The end of the April through around May 5 is called “golden week in Japan. April 29 which is the first holiday is the birthday of Showa Emperor. Now, this day is called Showa day. The second holiday is Constitution Memorial Day, May 3. And May 4 is called Green Day. The last holiday is Children’s day, May 5. It’s a Japanese tradition for families of boys to hang up carp streamers outside their houses around this holiday. Carps are believed to symbolize successes in children’s lives. Traditionally, we celebrate this day with not only carp streams but also dolls for the Boy’s Festival, Kashiwa-mochi, and Chimaki. However, recently I rarely see the carp streams and the dolls.

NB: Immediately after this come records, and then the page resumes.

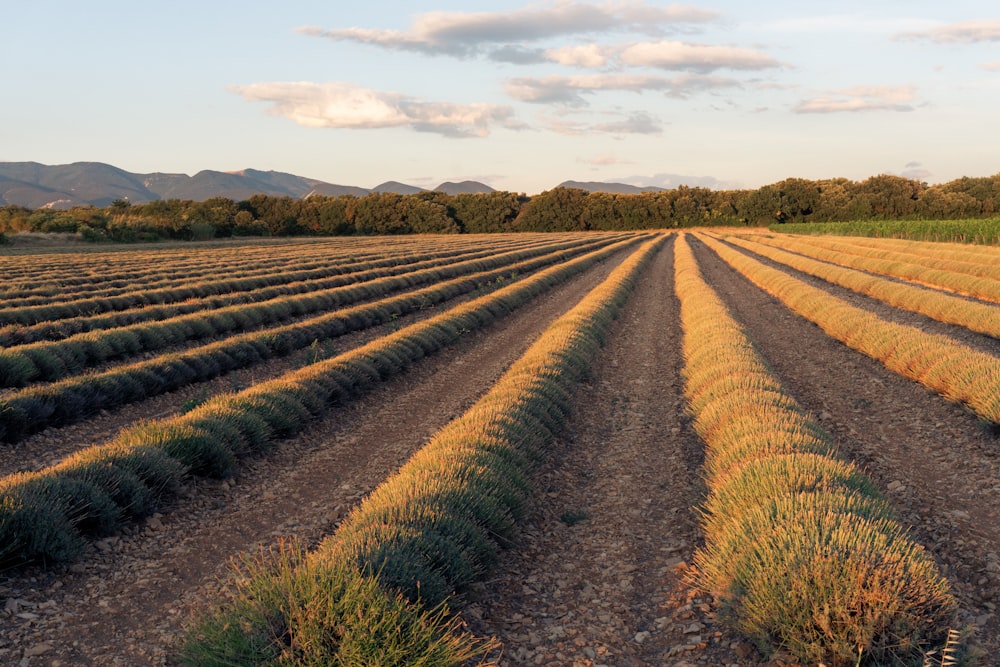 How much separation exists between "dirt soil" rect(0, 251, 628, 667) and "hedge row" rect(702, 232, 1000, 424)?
22.9ft

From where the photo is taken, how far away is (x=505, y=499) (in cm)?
606

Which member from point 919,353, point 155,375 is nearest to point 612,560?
point 919,353

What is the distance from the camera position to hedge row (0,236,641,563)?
17.5ft

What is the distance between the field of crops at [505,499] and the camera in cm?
386

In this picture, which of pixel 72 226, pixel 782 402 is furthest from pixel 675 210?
pixel 782 402

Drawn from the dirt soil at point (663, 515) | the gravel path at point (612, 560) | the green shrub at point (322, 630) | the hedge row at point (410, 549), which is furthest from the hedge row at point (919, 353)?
the green shrub at point (322, 630)

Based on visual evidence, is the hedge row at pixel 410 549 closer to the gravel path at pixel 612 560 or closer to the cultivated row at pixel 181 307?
the gravel path at pixel 612 560

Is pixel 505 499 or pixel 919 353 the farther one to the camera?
pixel 919 353

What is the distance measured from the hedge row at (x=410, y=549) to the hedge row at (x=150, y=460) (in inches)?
63.0

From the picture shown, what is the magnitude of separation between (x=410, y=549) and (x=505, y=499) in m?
1.60

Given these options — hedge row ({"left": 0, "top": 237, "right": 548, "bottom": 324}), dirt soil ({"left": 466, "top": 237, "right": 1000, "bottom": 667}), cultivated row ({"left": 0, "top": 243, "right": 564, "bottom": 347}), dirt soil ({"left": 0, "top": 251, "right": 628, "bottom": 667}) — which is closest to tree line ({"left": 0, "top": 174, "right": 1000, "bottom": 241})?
cultivated row ({"left": 0, "top": 243, "right": 564, "bottom": 347})

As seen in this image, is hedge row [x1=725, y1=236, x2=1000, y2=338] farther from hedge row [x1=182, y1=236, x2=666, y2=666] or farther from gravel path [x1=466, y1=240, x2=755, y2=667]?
hedge row [x1=182, y1=236, x2=666, y2=666]

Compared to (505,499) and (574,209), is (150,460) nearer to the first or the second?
(505,499)

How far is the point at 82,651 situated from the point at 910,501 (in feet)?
22.7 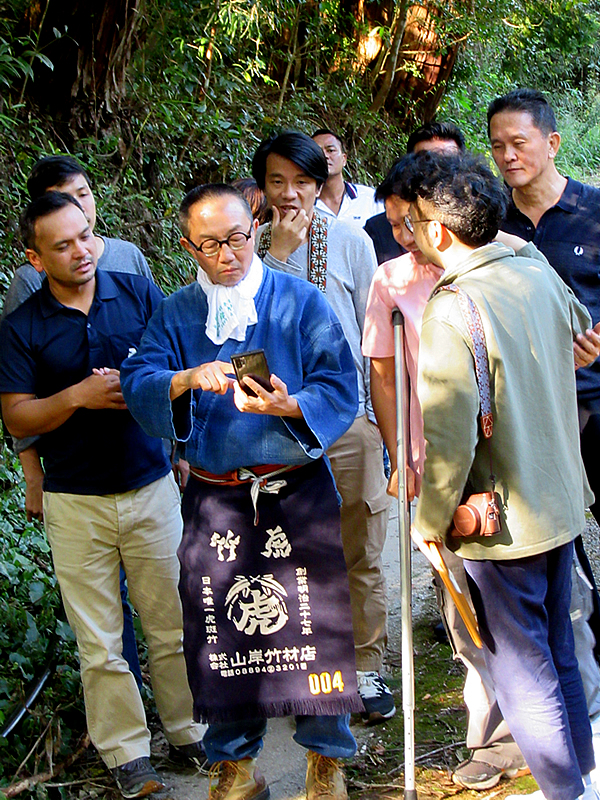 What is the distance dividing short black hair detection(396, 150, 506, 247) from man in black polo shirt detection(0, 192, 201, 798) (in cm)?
132

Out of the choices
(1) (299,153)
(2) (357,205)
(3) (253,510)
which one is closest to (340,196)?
(2) (357,205)

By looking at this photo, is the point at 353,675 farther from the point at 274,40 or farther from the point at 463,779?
the point at 274,40

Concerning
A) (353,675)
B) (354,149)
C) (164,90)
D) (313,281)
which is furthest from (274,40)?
(353,675)

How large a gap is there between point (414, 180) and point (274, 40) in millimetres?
7435

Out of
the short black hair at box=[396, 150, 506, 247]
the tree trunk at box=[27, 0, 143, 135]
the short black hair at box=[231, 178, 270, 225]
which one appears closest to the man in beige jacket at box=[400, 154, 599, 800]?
the short black hair at box=[396, 150, 506, 247]

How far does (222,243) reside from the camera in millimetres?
→ 2814

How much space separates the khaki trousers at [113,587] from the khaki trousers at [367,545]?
752 millimetres

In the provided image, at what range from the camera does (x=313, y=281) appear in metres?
3.49

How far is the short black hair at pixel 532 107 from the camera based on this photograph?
3.46 m

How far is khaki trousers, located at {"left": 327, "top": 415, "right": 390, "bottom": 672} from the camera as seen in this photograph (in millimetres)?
3568

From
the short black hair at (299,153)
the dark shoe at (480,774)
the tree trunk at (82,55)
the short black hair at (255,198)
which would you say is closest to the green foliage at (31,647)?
the dark shoe at (480,774)

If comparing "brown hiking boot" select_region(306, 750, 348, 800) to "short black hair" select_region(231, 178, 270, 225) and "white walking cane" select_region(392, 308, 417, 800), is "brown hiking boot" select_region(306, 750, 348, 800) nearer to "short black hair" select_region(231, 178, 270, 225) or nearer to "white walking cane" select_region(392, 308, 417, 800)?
"white walking cane" select_region(392, 308, 417, 800)

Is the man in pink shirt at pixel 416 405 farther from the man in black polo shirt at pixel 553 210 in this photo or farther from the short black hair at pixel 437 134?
the short black hair at pixel 437 134

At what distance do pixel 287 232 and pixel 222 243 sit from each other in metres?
0.65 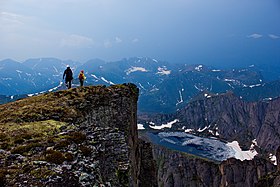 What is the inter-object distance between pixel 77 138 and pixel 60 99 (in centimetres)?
2530

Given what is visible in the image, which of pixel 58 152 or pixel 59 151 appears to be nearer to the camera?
pixel 58 152

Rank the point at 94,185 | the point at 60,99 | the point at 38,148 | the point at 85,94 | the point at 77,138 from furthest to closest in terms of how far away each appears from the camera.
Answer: the point at 85,94, the point at 60,99, the point at 77,138, the point at 38,148, the point at 94,185

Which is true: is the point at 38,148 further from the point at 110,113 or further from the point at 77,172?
the point at 110,113

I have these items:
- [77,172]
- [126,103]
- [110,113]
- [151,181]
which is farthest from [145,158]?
[77,172]

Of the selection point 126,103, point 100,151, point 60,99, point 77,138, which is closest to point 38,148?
point 77,138

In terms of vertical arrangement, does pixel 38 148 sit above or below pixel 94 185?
above

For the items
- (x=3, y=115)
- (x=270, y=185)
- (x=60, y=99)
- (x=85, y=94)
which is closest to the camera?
(x=3, y=115)

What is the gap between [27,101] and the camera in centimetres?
4853

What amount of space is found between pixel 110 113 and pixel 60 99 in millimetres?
8378

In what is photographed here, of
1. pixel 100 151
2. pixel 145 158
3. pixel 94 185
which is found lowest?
pixel 145 158

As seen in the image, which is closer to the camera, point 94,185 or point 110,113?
point 94,185

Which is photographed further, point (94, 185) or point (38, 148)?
point (38, 148)

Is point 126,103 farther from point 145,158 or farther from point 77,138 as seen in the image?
point 77,138

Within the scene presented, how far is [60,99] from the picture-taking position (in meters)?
48.1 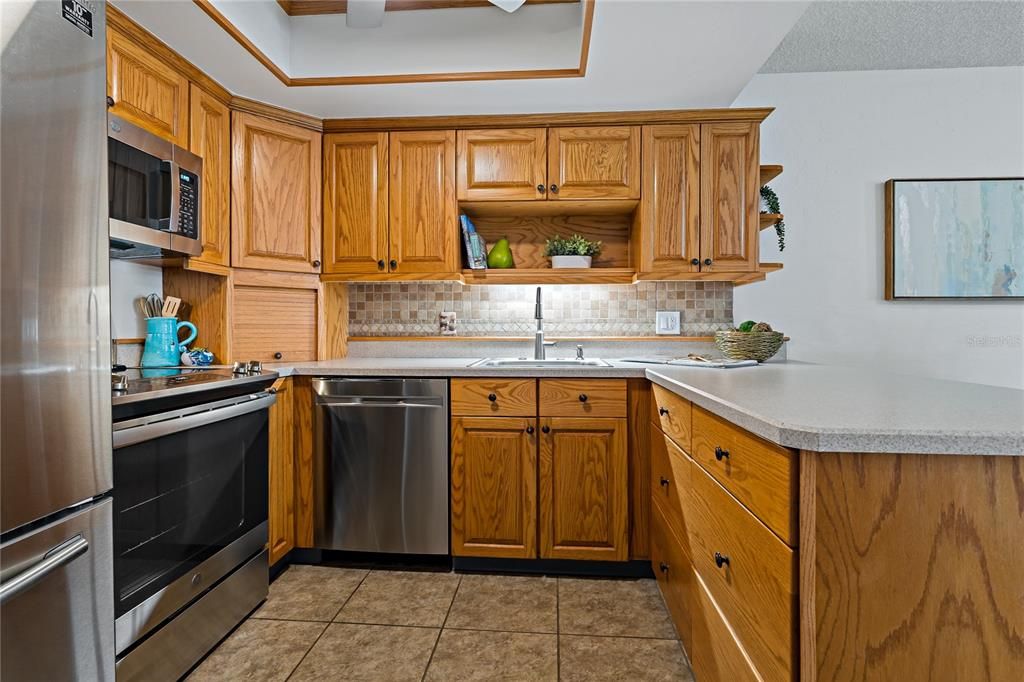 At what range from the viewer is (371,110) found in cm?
259

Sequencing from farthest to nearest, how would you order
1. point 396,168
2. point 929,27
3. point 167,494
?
1. point 396,168
2. point 929,27
3. point 167,494

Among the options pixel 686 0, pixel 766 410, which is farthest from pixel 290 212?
pixel 766 410

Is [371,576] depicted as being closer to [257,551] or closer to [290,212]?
[257,551]

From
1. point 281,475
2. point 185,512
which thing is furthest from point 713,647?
point 281,475

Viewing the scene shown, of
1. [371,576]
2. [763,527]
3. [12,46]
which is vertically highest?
[12,46]

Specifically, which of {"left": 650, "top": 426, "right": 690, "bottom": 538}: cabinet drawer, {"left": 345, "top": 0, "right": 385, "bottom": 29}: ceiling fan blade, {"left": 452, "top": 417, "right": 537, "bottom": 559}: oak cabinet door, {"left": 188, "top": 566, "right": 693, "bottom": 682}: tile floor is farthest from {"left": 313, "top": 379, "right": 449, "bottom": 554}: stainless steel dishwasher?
{"left": 345, "top": 0, "right": 385, "bottom": 29}: ceiling fan blade

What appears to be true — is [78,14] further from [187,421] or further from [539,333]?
[539,333]

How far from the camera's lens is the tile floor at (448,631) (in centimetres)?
164

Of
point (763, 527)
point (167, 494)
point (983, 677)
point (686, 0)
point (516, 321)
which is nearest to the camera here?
point (983, 677)

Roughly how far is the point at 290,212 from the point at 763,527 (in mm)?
2383

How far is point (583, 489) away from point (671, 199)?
1.41 metres

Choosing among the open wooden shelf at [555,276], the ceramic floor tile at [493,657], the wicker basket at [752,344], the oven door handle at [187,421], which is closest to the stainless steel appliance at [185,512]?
the oven door handle at [187,421]

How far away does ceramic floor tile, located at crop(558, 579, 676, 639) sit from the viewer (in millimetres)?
1866

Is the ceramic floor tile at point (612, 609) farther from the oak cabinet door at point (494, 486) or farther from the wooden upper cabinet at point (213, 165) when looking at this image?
the wooden upper cabinet at point (213, 165) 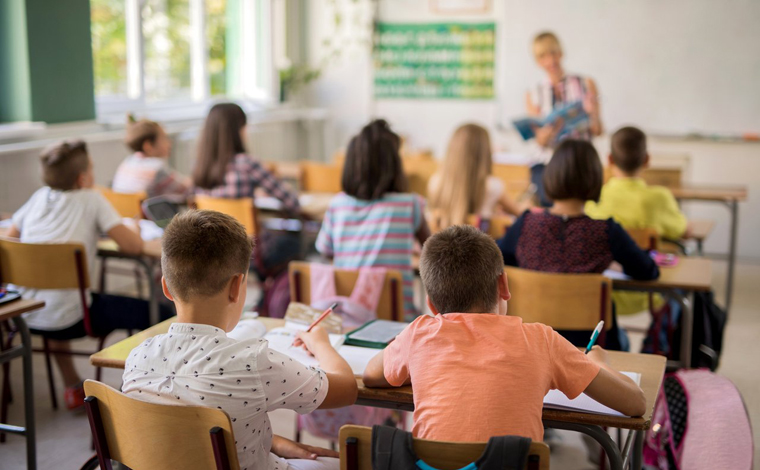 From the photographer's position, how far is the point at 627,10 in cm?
639

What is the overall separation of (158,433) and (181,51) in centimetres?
528

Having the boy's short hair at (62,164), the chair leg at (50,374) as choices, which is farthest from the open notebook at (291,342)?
the chair leg at (50,374)

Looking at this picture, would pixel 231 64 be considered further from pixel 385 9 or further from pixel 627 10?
pixel 627 10

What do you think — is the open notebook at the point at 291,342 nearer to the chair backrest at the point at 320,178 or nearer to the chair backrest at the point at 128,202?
the chair backrest at the point at 128,202

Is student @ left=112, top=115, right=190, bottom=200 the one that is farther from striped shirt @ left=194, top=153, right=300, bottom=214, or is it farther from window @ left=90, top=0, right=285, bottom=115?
window @ left=90, top=0, right=285, bottom=115

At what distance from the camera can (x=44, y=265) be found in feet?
9.48

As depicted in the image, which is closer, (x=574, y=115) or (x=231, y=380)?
(x=231, y=380)

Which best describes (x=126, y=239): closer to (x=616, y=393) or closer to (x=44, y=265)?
(x=44, y=265)

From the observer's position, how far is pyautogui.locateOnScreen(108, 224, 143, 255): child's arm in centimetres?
311

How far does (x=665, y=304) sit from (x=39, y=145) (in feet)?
10.8

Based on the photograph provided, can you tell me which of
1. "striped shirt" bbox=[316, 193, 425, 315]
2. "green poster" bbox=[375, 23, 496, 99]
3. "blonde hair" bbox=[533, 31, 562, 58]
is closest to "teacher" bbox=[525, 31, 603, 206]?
"blonde hair" bbox=[533, 31, 562, 58]

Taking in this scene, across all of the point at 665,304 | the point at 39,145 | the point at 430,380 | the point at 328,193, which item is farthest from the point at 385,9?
the point at 430,380

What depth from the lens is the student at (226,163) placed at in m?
4.16

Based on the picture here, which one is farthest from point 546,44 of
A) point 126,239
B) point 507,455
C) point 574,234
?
point 507,455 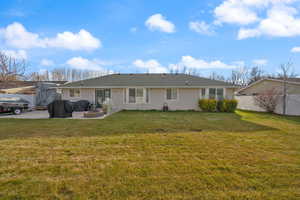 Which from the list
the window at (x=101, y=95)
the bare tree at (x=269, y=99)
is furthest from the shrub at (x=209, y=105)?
the window at (x=101, y=95)

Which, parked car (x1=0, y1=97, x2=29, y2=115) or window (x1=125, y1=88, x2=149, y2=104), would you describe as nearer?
parked car (x1=0, y1=97, x2=29, y2=115)

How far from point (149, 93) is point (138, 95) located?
1.06m

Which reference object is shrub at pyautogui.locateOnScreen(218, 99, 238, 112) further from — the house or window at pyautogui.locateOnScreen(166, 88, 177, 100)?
the house

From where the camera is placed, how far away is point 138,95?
14.2m

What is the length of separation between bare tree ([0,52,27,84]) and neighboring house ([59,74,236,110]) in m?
17.5

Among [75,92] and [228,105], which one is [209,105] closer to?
[228,105]

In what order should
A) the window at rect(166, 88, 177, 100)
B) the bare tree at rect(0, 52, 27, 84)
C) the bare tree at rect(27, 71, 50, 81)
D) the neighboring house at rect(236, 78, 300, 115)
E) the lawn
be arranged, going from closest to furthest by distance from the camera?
the lawn
the neighboring house at rect(236, 78, 300, 115)
the window at rect(166, 88, 177, 100)
the bare tree at rect(0, 52, 27, 84)
the bare tree at rect(27, 71, 50, 81)

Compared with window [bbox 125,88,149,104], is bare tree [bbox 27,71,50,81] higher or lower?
higher

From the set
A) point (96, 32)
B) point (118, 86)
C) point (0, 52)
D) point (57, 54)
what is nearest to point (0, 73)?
point (0, 52)

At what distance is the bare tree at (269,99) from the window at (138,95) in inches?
420

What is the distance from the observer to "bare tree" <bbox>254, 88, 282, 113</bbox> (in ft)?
43.4

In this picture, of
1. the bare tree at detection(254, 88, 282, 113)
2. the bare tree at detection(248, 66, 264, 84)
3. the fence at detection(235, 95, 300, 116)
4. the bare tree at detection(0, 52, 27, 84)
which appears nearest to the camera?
the fence at detection(235, 95, 300, 116)

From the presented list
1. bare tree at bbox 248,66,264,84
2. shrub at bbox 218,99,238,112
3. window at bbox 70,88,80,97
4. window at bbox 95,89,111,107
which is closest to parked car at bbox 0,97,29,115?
window at bbox 70,88,80,97

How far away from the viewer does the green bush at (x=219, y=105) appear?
13.1 m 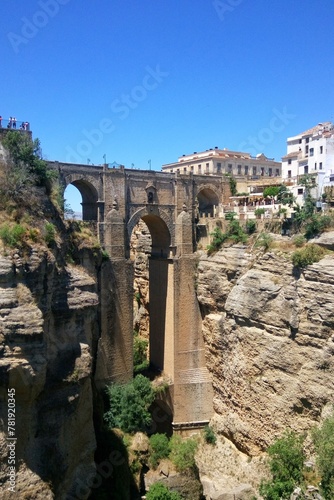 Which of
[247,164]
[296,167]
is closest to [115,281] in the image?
[296,167]

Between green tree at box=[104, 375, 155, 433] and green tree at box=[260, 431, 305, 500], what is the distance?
6.74m

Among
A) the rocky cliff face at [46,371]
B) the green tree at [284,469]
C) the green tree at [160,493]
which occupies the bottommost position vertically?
the green tree at [160,493]

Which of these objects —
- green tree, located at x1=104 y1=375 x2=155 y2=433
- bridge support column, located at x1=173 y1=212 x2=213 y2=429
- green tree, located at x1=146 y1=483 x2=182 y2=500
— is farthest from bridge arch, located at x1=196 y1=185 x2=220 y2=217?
green tree, located at x1=146 y1=483 x2=182 y2=500

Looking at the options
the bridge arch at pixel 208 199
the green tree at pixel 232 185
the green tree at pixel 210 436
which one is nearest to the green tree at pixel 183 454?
the green tree at pixel 210 436

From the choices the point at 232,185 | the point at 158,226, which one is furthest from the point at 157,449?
the point at 232,185

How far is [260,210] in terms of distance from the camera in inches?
1083

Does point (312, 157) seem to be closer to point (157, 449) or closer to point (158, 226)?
point (158, 226)

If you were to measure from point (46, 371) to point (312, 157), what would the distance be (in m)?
24.7

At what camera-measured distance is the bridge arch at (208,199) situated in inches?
1201

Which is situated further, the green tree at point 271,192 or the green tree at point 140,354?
the green tree at point 271,192

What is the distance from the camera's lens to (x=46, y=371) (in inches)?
602

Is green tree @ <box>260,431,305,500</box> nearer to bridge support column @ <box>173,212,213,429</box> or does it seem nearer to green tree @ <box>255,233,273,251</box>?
bridge support column @ <box>173,212,213,429</box>

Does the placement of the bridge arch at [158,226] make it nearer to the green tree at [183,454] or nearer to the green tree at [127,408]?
the green tree at [127,408]

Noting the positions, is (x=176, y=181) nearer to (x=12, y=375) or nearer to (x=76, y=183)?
(x=76, y=183) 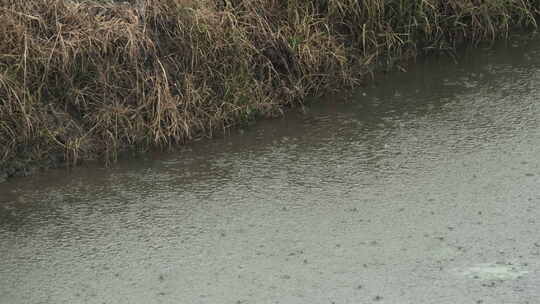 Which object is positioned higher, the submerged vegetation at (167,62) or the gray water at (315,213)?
the submerged vegetation at (167,62)

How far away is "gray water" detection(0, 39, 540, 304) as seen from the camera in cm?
393

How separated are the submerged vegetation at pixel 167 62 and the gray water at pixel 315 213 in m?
0.17

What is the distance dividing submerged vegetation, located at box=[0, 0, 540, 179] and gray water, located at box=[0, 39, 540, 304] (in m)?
0.17

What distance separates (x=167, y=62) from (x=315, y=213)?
160 centimetres

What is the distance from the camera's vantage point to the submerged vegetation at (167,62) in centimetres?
525

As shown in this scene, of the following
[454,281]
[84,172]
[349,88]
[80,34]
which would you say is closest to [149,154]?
[84,172]

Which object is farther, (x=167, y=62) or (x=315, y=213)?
(x=167, y=62)

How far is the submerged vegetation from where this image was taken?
5.25 meters

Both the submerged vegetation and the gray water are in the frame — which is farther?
the submerged vegetation

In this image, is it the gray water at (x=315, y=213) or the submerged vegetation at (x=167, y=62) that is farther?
the submerged vegetation at (x=167, y=62)

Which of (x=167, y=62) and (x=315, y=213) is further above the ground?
(x=167, y=62)

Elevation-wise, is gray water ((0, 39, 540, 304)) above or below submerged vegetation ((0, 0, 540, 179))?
below

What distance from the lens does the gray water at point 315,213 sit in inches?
155

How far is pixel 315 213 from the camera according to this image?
14.8 ft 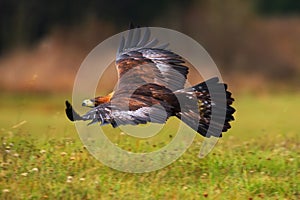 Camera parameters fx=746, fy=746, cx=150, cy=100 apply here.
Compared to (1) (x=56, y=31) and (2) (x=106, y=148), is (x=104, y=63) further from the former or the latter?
(2) (x=106, y=148)

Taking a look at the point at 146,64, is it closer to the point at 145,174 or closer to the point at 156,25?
the point at 145,174

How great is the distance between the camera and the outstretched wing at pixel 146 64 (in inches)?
327

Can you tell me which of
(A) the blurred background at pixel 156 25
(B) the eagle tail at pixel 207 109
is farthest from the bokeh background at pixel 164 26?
(B) the eagle tail at pixel 207 109

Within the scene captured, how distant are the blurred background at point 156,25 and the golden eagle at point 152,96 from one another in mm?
15797

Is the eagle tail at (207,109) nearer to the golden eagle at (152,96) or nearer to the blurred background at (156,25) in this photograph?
the golden eagle at (152,96)

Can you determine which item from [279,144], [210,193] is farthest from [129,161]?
[279,144]

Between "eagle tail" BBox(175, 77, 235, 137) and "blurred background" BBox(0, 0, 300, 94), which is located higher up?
"blurred background" BBox(0, 0, 300, 94)

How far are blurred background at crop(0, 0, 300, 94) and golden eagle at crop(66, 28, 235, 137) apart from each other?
51.8 feet

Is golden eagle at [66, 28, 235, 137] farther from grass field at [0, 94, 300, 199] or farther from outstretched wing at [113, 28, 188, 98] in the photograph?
grass field at [0, 94, 300, 199]

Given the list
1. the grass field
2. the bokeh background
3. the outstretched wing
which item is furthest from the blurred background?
the grass field

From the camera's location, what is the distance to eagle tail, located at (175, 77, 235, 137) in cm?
798

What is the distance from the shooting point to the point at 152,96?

How many people do these traditional things in Japan? According to AQUTNET research, 7.9% of people hang up the carp streams, 12.8% of people display the dolls for the Boy’s Festival, 13.6% of people take a bath with iris, and 28.2% of people eat Kahiwa-mochi and Chimaki. It said the number of people who display the decoration for Boy’s Day is decreasing because of their housing situation and “golden week”. On the other hand, on Girl’s day, March 3, about 50% of people display dolls for Girl’s Day.
When I was a child, I thought carp streams were big and weird because of their design. However, I feel sad when I don’t see them on Children’s Day. We tend to think Golden Week is a holiday to go out to play and to travel. But I think we shouldn’t forget the meaning of each day and try to keep Japanese tradition.